# DIRECTIONS FOR THIS TASK:
Write out the data below exactly, beginning with the first line and ending once the line that has "35 Eastgate, Leeds, LS2 7RE 8" is written.

# PROVIDED RECORDS:
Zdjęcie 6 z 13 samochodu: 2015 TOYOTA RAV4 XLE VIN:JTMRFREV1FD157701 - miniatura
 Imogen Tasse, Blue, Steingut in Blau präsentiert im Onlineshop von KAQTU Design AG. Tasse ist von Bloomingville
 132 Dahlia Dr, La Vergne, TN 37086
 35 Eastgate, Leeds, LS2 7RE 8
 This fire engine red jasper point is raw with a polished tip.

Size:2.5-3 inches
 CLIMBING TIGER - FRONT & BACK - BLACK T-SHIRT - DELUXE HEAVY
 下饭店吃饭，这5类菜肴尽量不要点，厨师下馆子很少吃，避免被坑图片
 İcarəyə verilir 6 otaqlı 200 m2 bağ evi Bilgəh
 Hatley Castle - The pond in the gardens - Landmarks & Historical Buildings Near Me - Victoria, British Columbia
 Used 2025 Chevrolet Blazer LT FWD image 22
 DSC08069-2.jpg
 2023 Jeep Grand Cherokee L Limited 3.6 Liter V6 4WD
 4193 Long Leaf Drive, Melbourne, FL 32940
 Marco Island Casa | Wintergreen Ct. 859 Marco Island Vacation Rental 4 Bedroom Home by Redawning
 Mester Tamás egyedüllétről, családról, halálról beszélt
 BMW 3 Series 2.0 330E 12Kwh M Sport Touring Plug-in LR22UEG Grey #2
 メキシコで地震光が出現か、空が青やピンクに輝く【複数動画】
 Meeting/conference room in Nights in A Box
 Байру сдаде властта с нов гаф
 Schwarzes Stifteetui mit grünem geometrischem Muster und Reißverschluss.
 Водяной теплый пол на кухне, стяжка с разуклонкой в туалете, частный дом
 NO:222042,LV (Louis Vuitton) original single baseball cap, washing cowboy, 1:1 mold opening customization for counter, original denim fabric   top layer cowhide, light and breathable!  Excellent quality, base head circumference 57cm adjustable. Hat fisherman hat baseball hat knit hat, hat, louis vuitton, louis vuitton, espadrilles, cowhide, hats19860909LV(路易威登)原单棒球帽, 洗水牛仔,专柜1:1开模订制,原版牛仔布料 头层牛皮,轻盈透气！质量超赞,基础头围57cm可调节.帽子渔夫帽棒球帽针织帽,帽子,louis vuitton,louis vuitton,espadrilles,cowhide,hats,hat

# RESPONSE BELOW:
Zdjęcie 6 z 13 samochodu: 2015 TOYOTA RAV4 XLE VIN:JTMRFREV1FD157701 - miniatura
 Imogen Tasse, Blue, Steingut in Blau präsentiert im Onlineshop von KAQTU Design AG. Tasse ist von Bloomingville
 132 Dahlia Dr, La Vergne, TN 37086
 35 Eastgate, Leeds, LS2 7RE 8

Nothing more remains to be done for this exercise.